Back home in Sweetwater, Roy’s surprise party is classic Mayberry humor. Greeted by an ecstatic, clueless Buck (“Hard as nails! Brown as a berry!”), a whole host of Mayberry-isms crop up to needle Roy, from a kid with a face-full of jelly kissing him, and marvelously funny Nydia Westman‘s Aunt Zana repeating again and again, “I used to change his didies!”, to 6th grade teacher Loie Bridge grilling him on his state capitols (“What’s the capital of Wisconsin?”), to everyone giving a disappointed, “Ahhh….” when the flashbulb doesn’t go off, ruining the group snapshot (definitely not Mayberry is the grotesquely phallic rocket cake Knotts has to cut, to paralyzingly funny effect).

We even get to see Roy in action, Barney-style, putting the moves on Ellie (unseen in the bushes), before she slaps him. He comes out with lipstick on his face, mussed hair…and a nosebleed. Classic (too bad they couldn’t get Mr. Chicken‘s Joan Staley back as Knotts’ love interest—Freeman isn’t funny).
As expert as that surprise party sequence is, the final section of The Reluctant Astronaut is a nice mix of the movie’s two styles: the kiddie-type slapstick and the clever lines, as Knotts makes a mess of the whole launch. As kids, we certainly didn’t mind seeing Knotts hanging off the capsule, with seconds to spare, or eating peanut butter and crackers in zero gravity while the peanut butter, from a tube, snakes around him like a cobra.

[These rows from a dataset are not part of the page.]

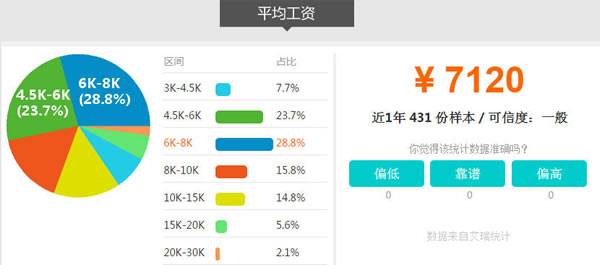 四川省五月花学院汽车工程专业招生如何「初中起点」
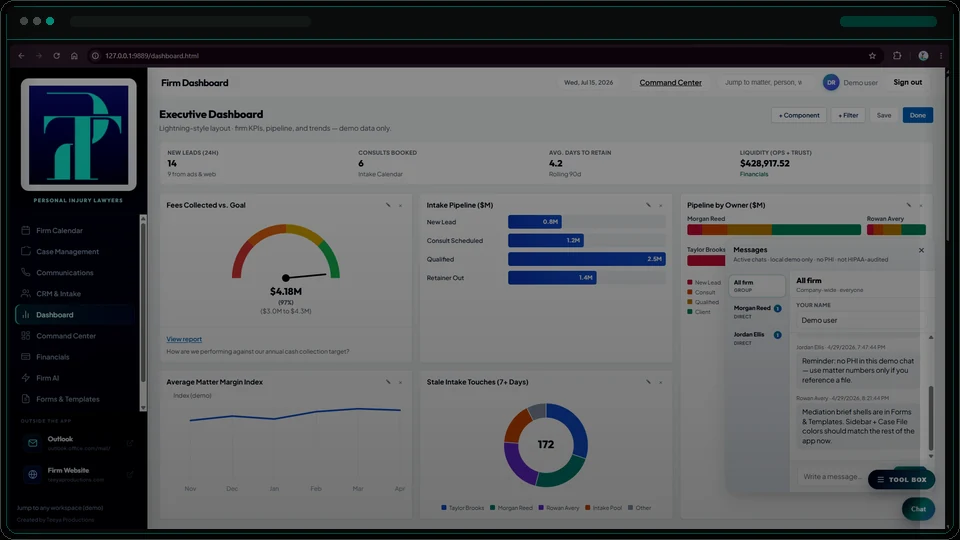 Unified Practice — executive dashboard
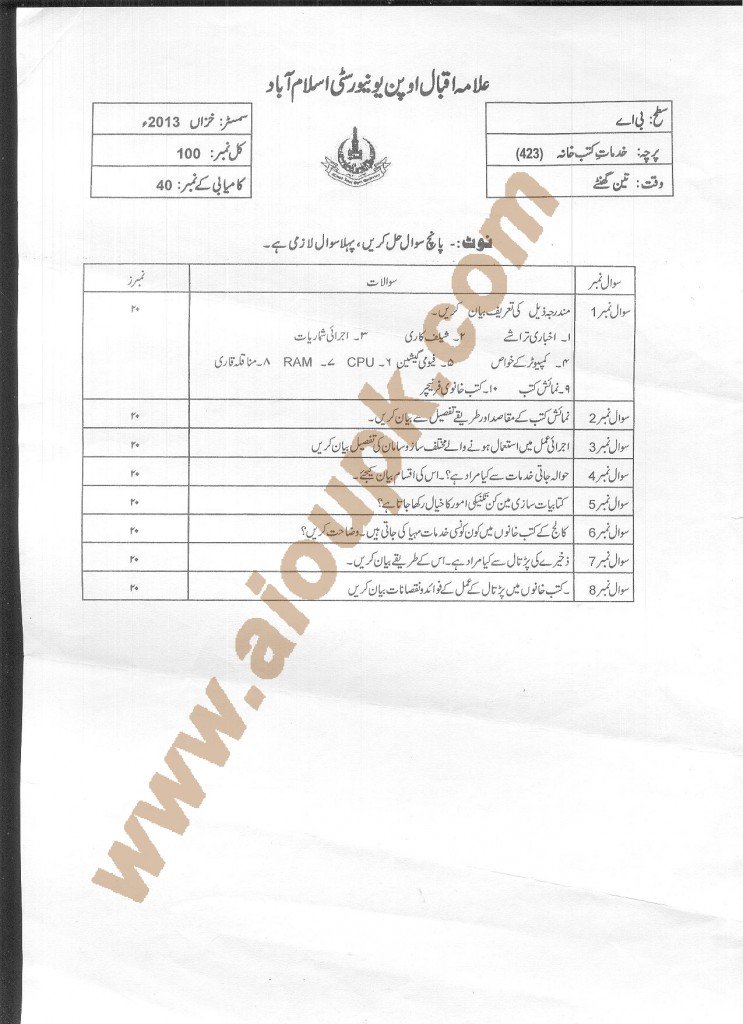 AIOU Old Paper code 423 Library Services 2015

And who cared if you could see the wires holding up Knotts’ stunt double (the famously physically-adverse Knotts refused to do the stunt)? That was part of the fun, part of the joke. The special effects in a Don Knotts movie were expected to be as ineffectual as his character.
Fritzell and Greenbaum save their best lines for last, including Knotts euphemistically asking how to go to the bathroom in his suit (they cut during the answer to Knotts, who delivers a beautifully devastated, “You’re kidding,”), and flight director Robert F. Simon (funnier here than I’ve ever seen him) getting the single biggest laugh in The Reluctant Astronaut when, after all the foul-ups, he says to no one in particular, absolutely dejected and disgusted, “We should have used a monkey, or a dog…or something.” It doesn’t read so funny, but Simon absolutely kills with it.

Just as witty and clever as his previous hit, The Ghost and Mr. Chicken, it’s a shame that The Reluctant Astronaut doesn’t get quite the same amount of love from fans and critics. It’s a gem, and a solid follow-up effort for Knotts’ then-promising big-screen career. Let’s see how well he does in this third Universal outing, The Shakiest Gun in the West.